Television programs accounted for more than one-third of productions at the airports, according to the study, and feature films less than 10%. Some TV shows have spent several weeks at a time shooting on airport property, though relatively brief shoots of two or three days are the norm for movies, commercials and music videos.
Los Angeles airports are attractive to filmmakers because of their proximity to Hollywood's studios, production companies and actors, according to the study. Those factors give the area a "critical mass" that favors film production within Los Angeles.
"This validates the importance of the efforts we put in to support the film industry," Haney said. "LAX is the most-filmed airport in the world. Every single day of the year, somebody is shooting a commercial, a television program or a major motion picture at one of our airports."
But airports' accessibility to the entertainment industry, which officials call their "film-friendly" policy, is being challenged by other states and countries seeking the economic windfall film production brings. Filming that used to be done almost exclusively in California is now seeing competition from outside the state, where filmmakers enjoy government subsidies, tax credits and other incentives, the report said.
The study cites Britain, New Zealand and Canada as countries with newly developed post-production facilities and industry-friendly policies that are wooing films away from L.A.
"There are large and quite lucrative incentives for film producers to shoot their films elsewhere. For the most part, Los Angeles and California don't have that," said Gregory Freeman, vice president of the Los Angeles County Economic Development Corp. and lead author of the study. "We largely compete by having a large infrastructure already in place."
Though filming at airport locations accounts for less than 1% of total production days in Los Angeles, the survey found, the availability of the facilities may have a ripple effect, leading crews to stay in Los Angeles for an entire project instead of opting for an out-of-state set.
"To the extent that we can keep even a part of the filming here, often the rest of the shoot will stay here," Freeman said.
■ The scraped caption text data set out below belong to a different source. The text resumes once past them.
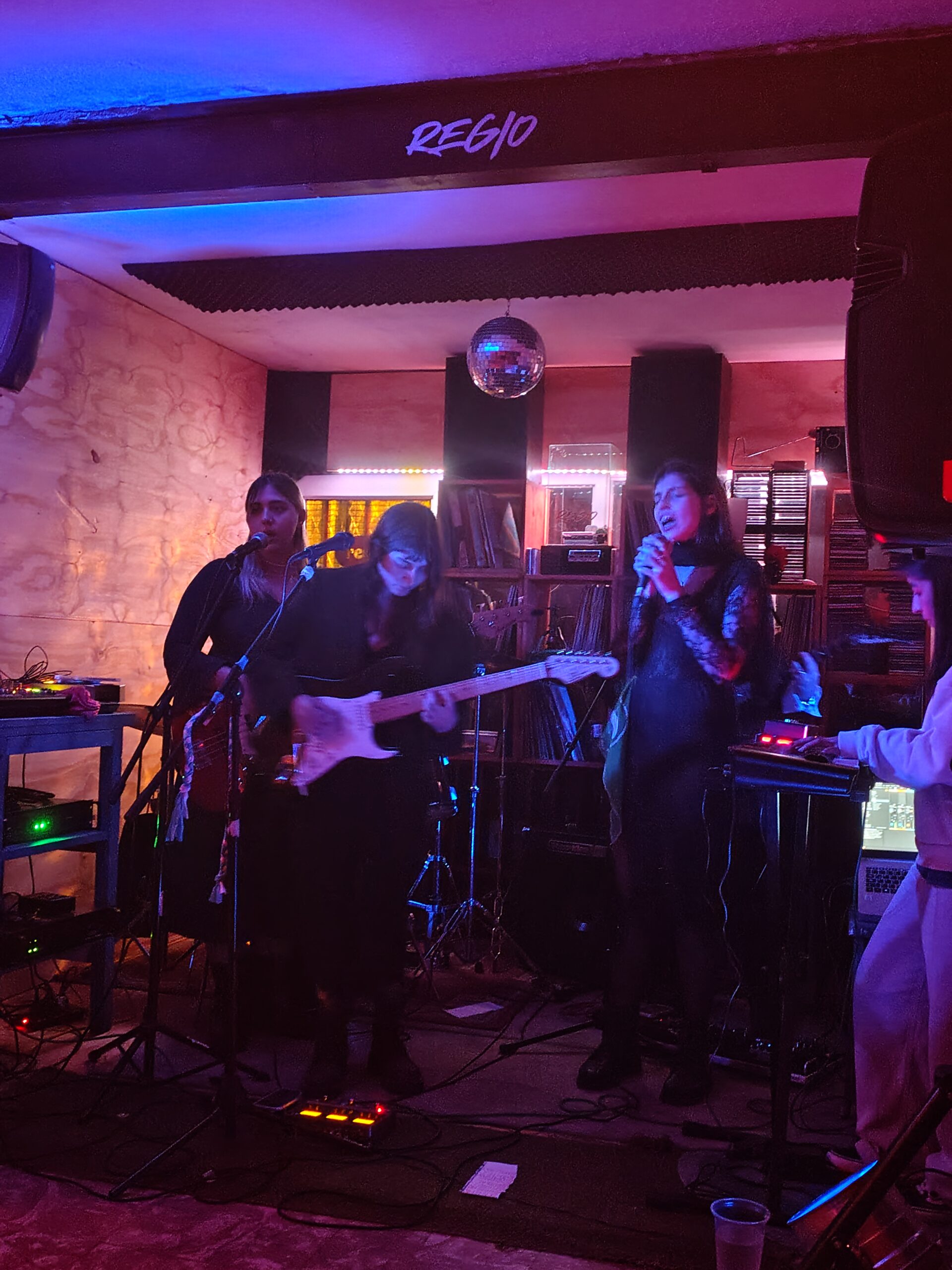 Martes Videoclub, Pedro Bitti y DJ Winona en Regio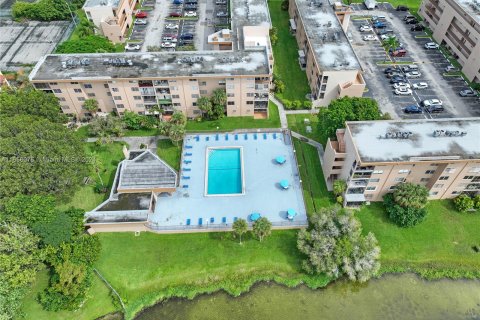 Condominio en venta en Miami, Florida, 3 dormitorios, 130.71 m2 № 1358586 - foto 28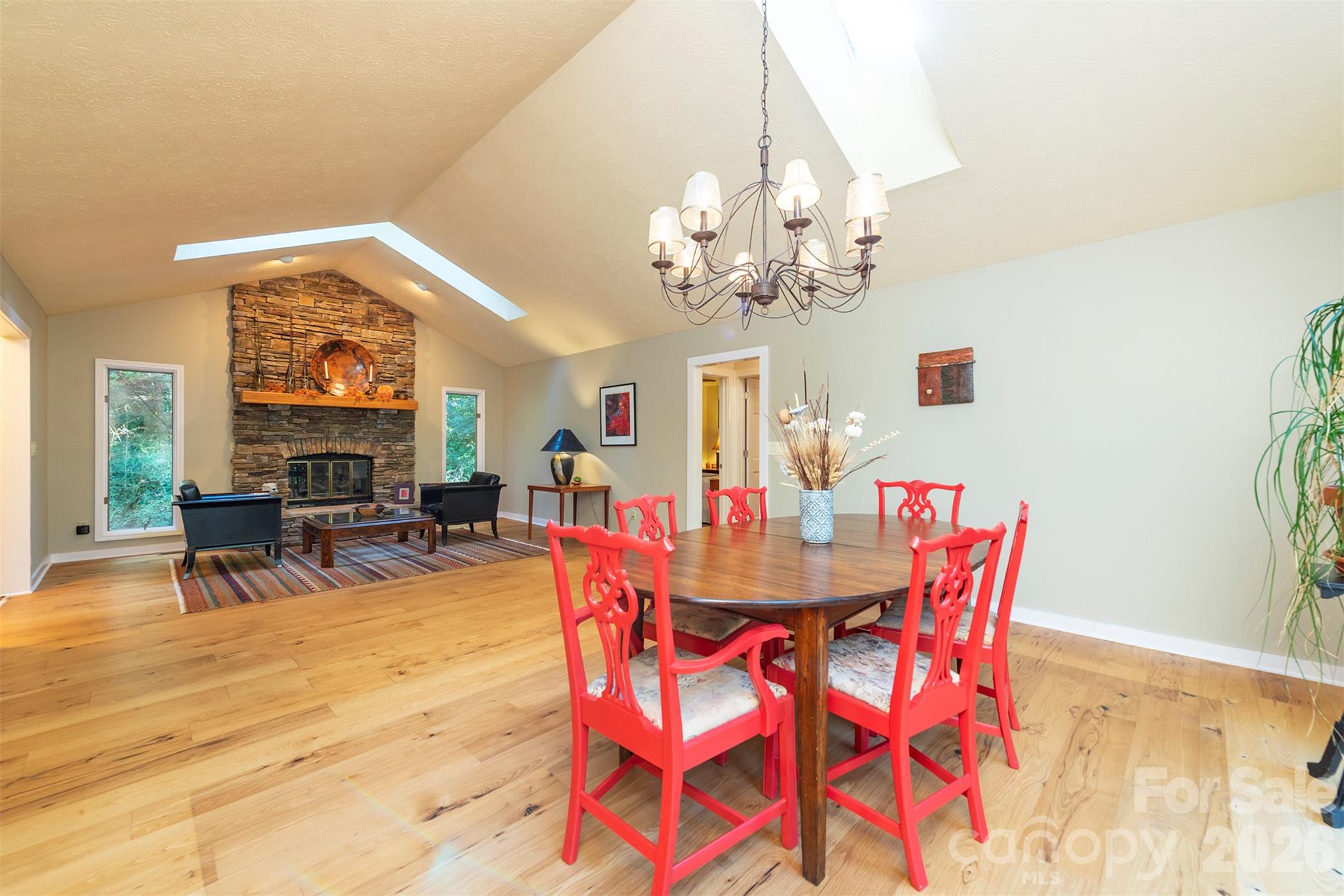 Single Family Residence at 190 Ridgeview Drive, Hendersonville, photo 8 of 44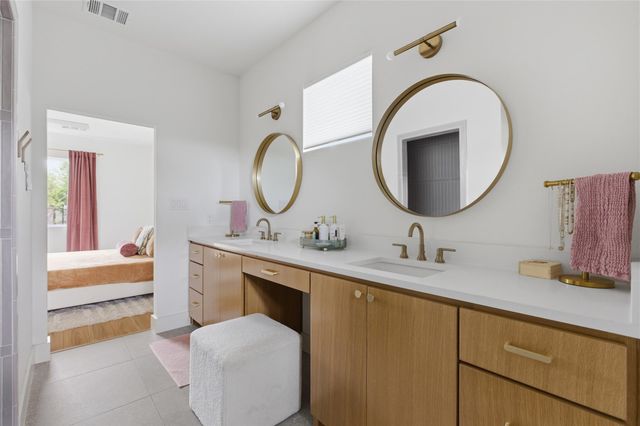 1001 Scenic DR, Georgetown, TX 78626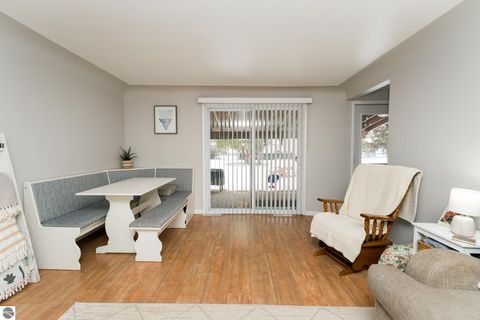 Tiny photo for 923 N Henry Street, Mt Pleasant, MI 48858 (MLS # 1941782)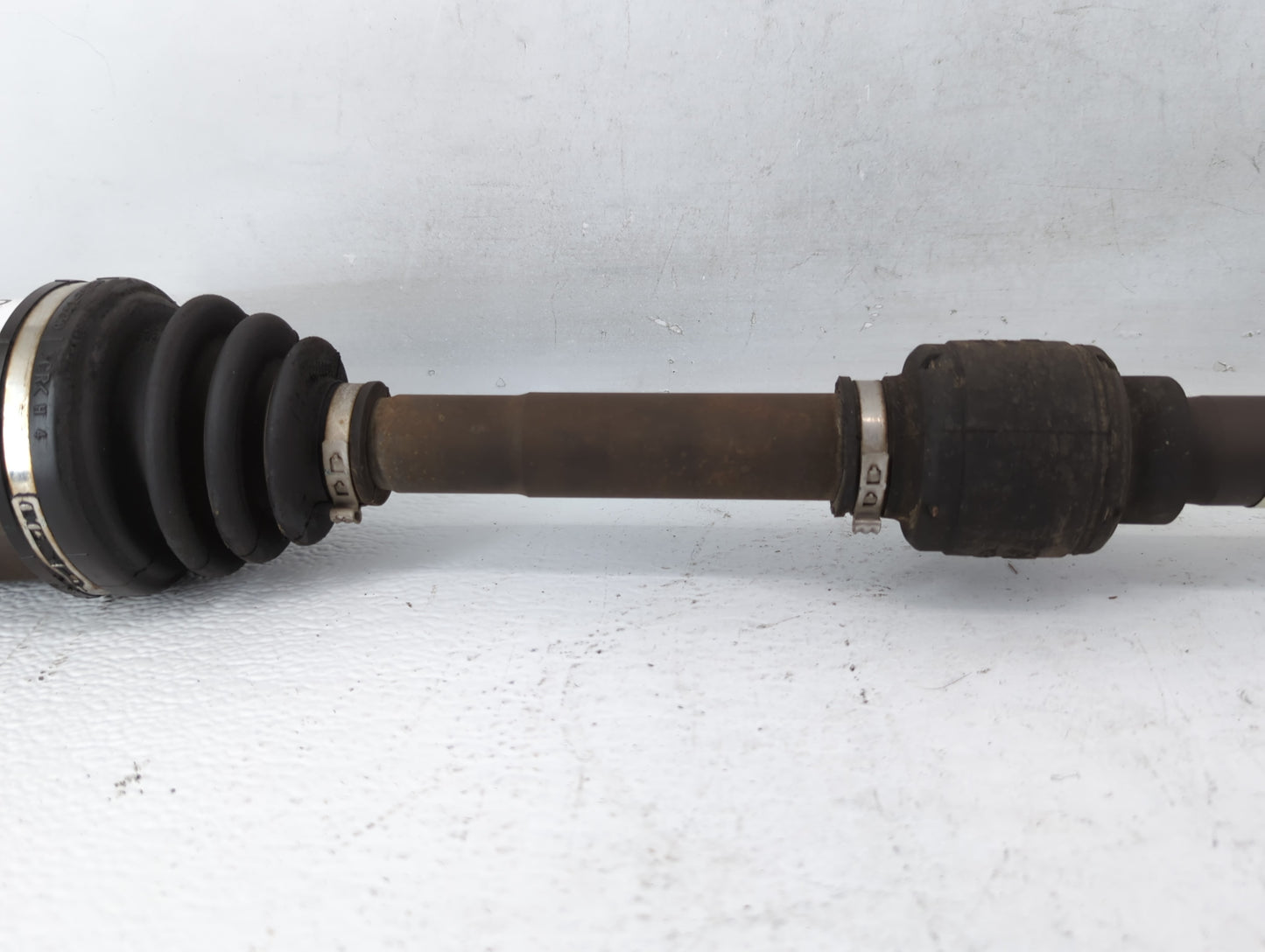 2014-2019 Kia Soul Axle Shaft Front Driver Cv C/v - Oemusedautoparts1.com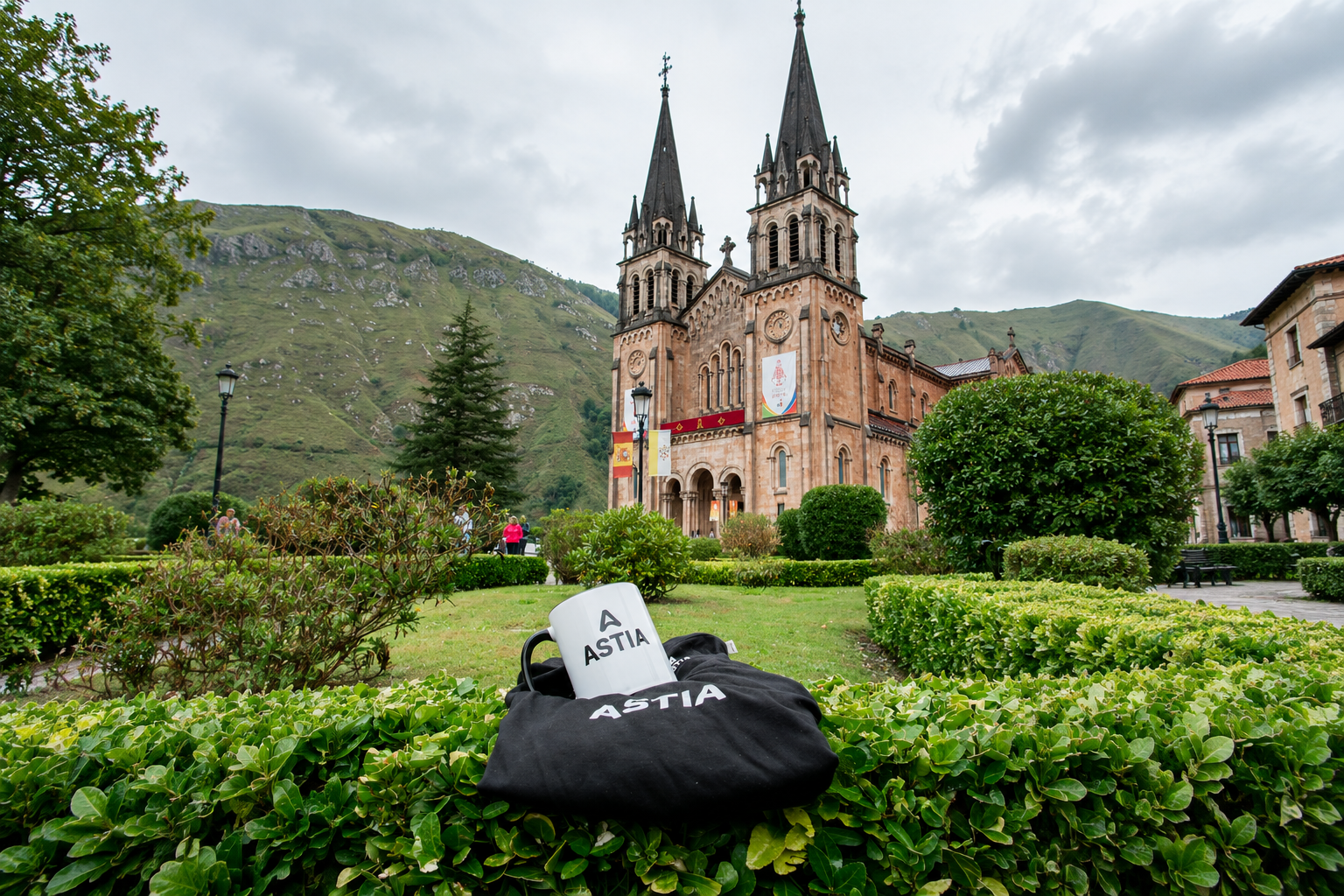 Equipación de Astia frente a la basílica de Covadonga, Asturias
The study represents "a tremendous understatement of the overall positive impact that a film-friendly policy has on the L.A. economy," he added, stressing that the study considered only the impact of days shot on airport property.
Not everyone is thrilled with the prospect of more filming in and around the region's already busy airports.
When the Bruce Willis action move "Live Free or Die Hard" was being filmed next to LAX last fall, area residents, air cargo businesses and others raised concerns over the producers' intermittent closing of portions of the 105 Freeway and Imperial Highway. But the project went ahead, although with somewhat shortened shooting time.